A sales agent can be helpful here – that is, a person/organisation whose job is to hustle booksellers to buy in the books and nag the wholesalers to stock them. For some years CBe did have a sales agent (although during the first year with the agent, sales were fewer than in the previous year, with no agent). Since dropping down to publishing just two or three books a year, CBe has done without a sales agent – because they concentrate on pushing new titles, not the backlist; and because in addition to an annual charge they take a cut (10% + VAT) on every book sold out of the distributor (on top of the distributor’s cut), regardless of whether they had a hand in effecting those sales.

Am I being mean here? Would paying a sales agent increase sales to the point where that payment earns itself back, and more? I don’t know. The evidence in favour is not compelling. In the months before last Christmas, CBe was one of six London-based small presses who hired (at a cost of several hundred pounds each) an experienced, enthusiastic book-trade person to visit pretty well every bookshop in London to promote our recent titles in person. He reported back that the booksellers who knew of CBe were ‘unfailingly happy’ to see him. I supplied him with sample copies to give away where appropriate. Total sales resulting from this exercise: two or three (fewer than the sample copies given away).

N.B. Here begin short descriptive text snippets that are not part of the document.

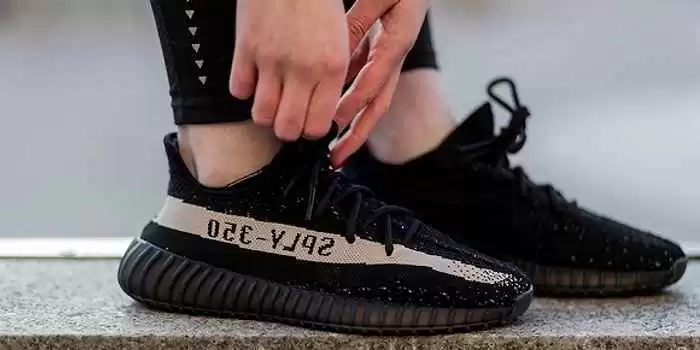 椰子鞋江湖风云录：从侃爷联名到国货遍地，你的下一双该选谁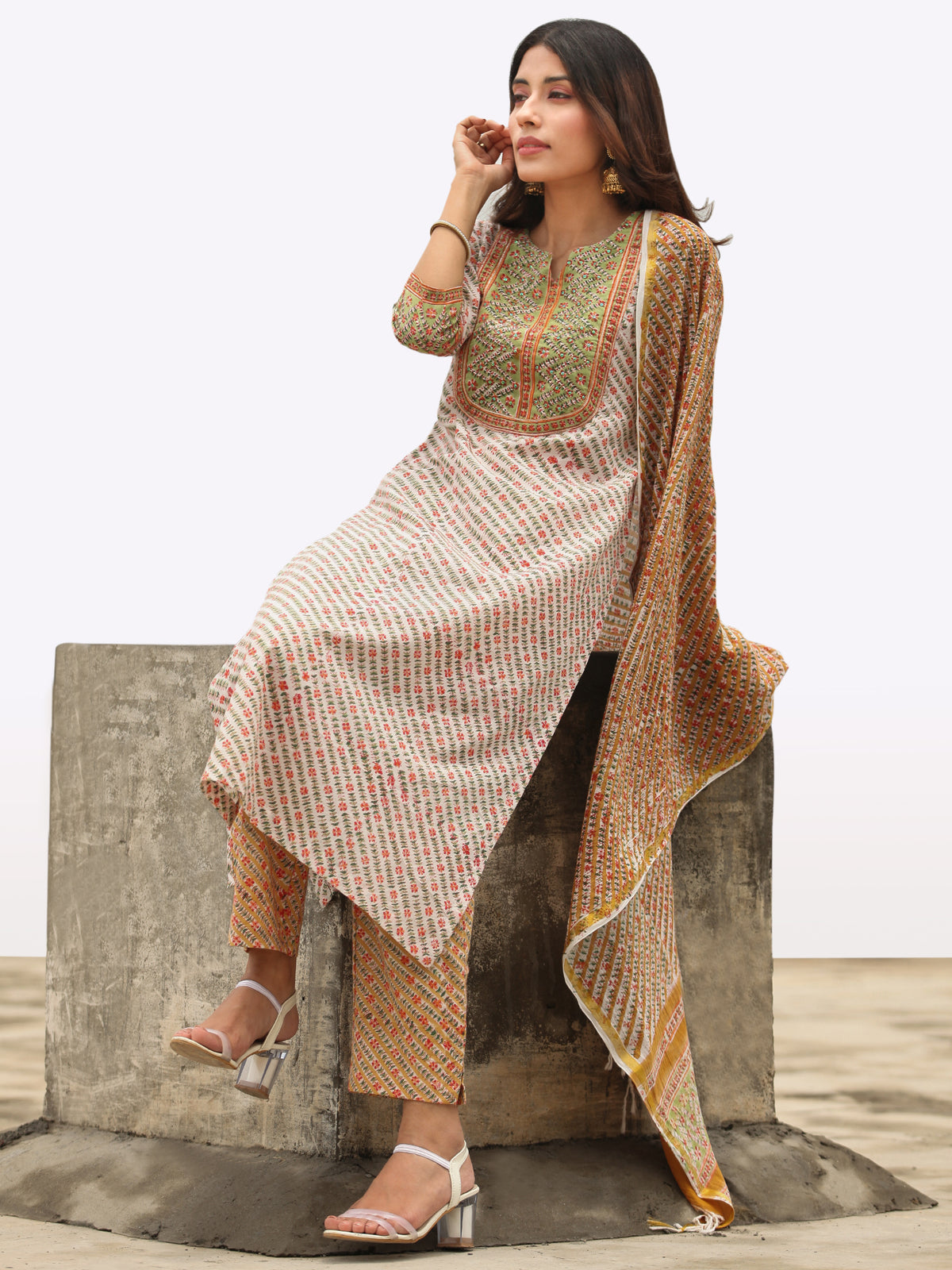 Fiza Anjum Set Of Kurta Pant Dupatta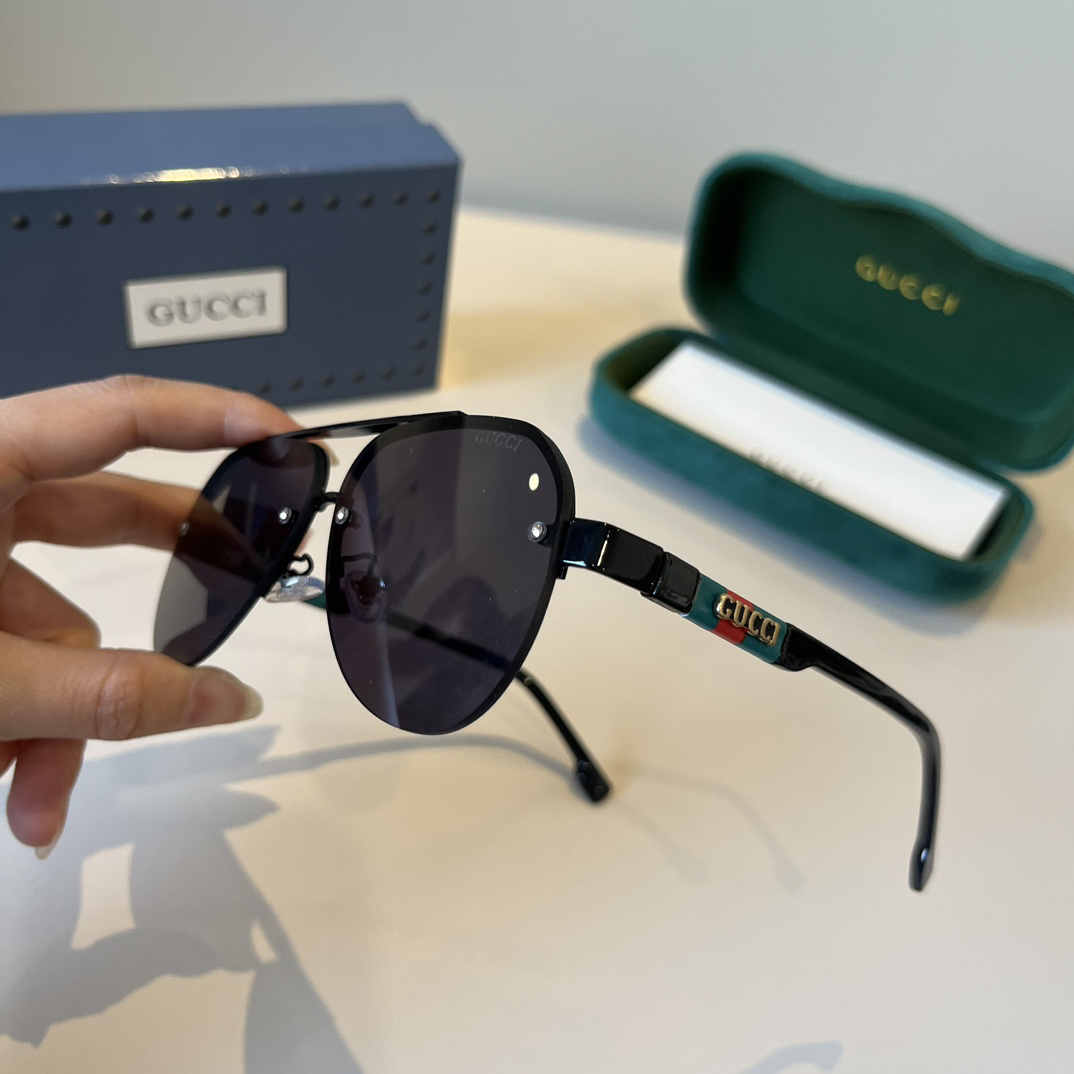 Gucci Round Frame Sunglasses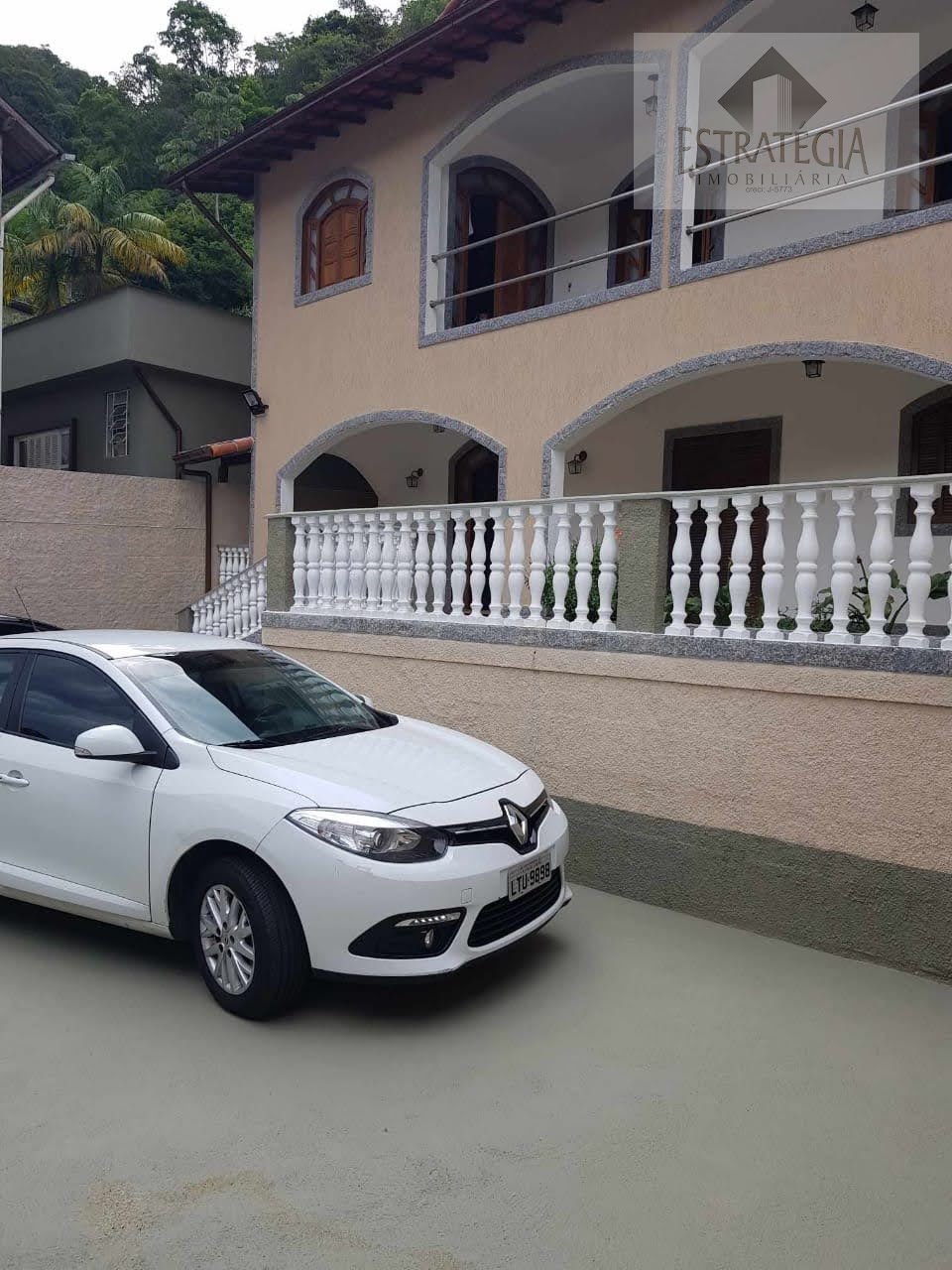 Casa à venda com 3 quartos, 1 suíte, 4 vagas e 225m² no Bingen, Petrópolis (RJ) — foto 2 de 30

Because Blush, published late last year, was a new thing for CBe – images and text, equal status – I conducted a similar exercise myself, visiting bookshops that might not be familiar with CBe books (Tate Modern, Camden Arts Centre, Whitechapel, Photographers Gallery), talking to the managers where necessary and leaving sample copies. Result in sales: zero. Result in sales of Good Morning, Mr Crusoe after getting some Guardian publicity and an Observer review in the week of publication: ordered by half a dozen bookshops, mostly single copies, and not in stock at the wholesalers. (Don't even try from Gardners: 'Not available to order'. Neither book is in stock with Amazon.)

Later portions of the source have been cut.